The staff and owners of Monongalia County’s bars are asking for Gov. Jim Justice’s help.
“It’s been pretty terrible,” said Ashley Murray, a bartender at Baby Squirrels Saloon. “Not just for me but for everyone in the industry.”
Not being able to go to work, see friends or control her financial status have also been emotionally and mentally draining, Murray said.
“I feel like I don’t have any control over my life,” she said.
Murray said her landlord has been “great,” but that her boyfriend also works in the industry and eviction is in the back of their minds and could become a real worry if the shutdown continues.
Some people have already faced that reality.
Zach Traugh, owner of Big Times and Code Nightclub, said he has two employees staying with him because they couldn’t afford rent.
Traugh is also the manager of the Morgantown Retailers Association.
“What we’re looking for is to be able to pay staff the average of what they made weekly so they can afford to pay their rent,” Traugh said. “The individual businesses have different needs.”
He said owners of other businesses he’s spoken to are willing to show proof of what amount of assistance is needed and each business doesn’t need to get the same amount of money.

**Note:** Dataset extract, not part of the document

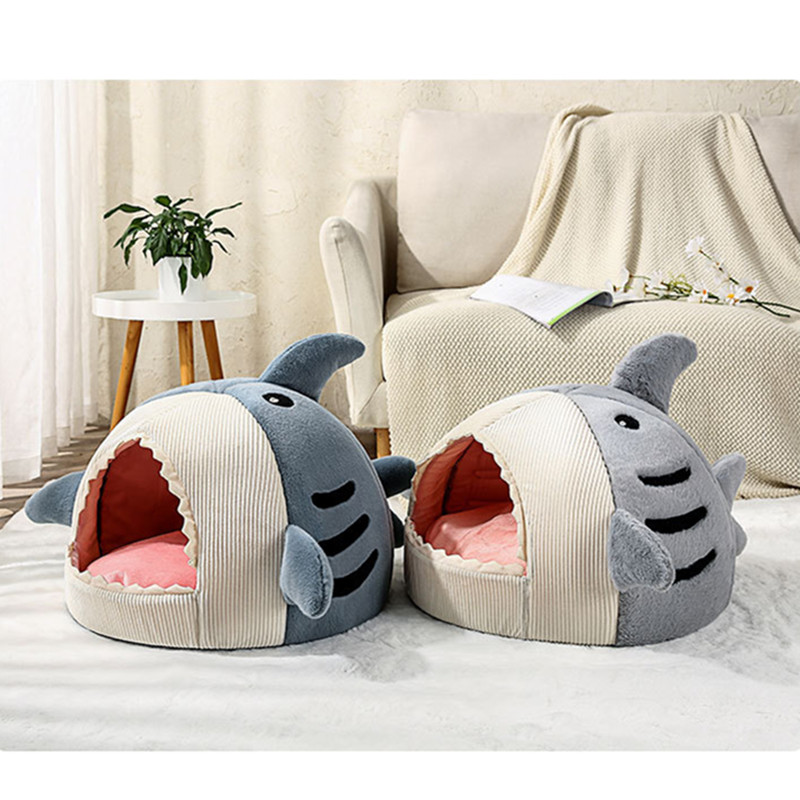 Bed Winter Warm Semi-enclosed Big Mouth Shark Dog Kennel Pad Pet Supplies Comfortable Cat House Sleep Bag Dropshipping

“We’re all just trying to make it,” Traugh said.
Murray questioned why the initial six-week shutdown lasted so long. Even as cases in the county decreased, the bars remained closed.
“And that’s when I really started to get frustrated,” she said. “I think we should have been given the opportunity then to open and try to enforce the rules and do what we could to keep everyone safe. Instead [Justice] waited until students were back to reopen. It’s setting us up for failure.”
Murray said she wouldn’t have much of an issue with being closed if there was financial assistance from the governor.
“Why isn’t he sending some of this money down to help us?” she asked.
Traugh estimated the downtown bars employ about 500 people. Personally, he employs around 100.
This most recent shutdown also came right during the peak of business for the downtown bars. As much money is made between Aug. 15 and the end of September as in November and December combined, Traugh said.
In total, there are about 28 good weeks a year and the rest are about hanging on and maintaining, Traugh said.
“Those weeks let you stay open all year,” he said. “We’re not looking to make a windfall, “We’re looking to maintain a semblance of normalcy so when things get normal, we can go back to work immediately and not have to rehire and restaff and retrain.”
Murray said she thinks the industry has been unfairly targeted in the county, particularly downtown bars.
“I don’t know how much the governor has left from [the CARES Act] but he could send some financial relief to the very small targeted industry in one county,” she said. “It’s not like he’s got bars closed all across the state and other businesses as well.”
She hopes people are understanding of what the service industry is going through and said she isn’t trying to come across as selfish or inconsiderate of what’s going on.
“We just want to be able to go to work and support ourselves and support our families also and do the best that we can,” Murray said.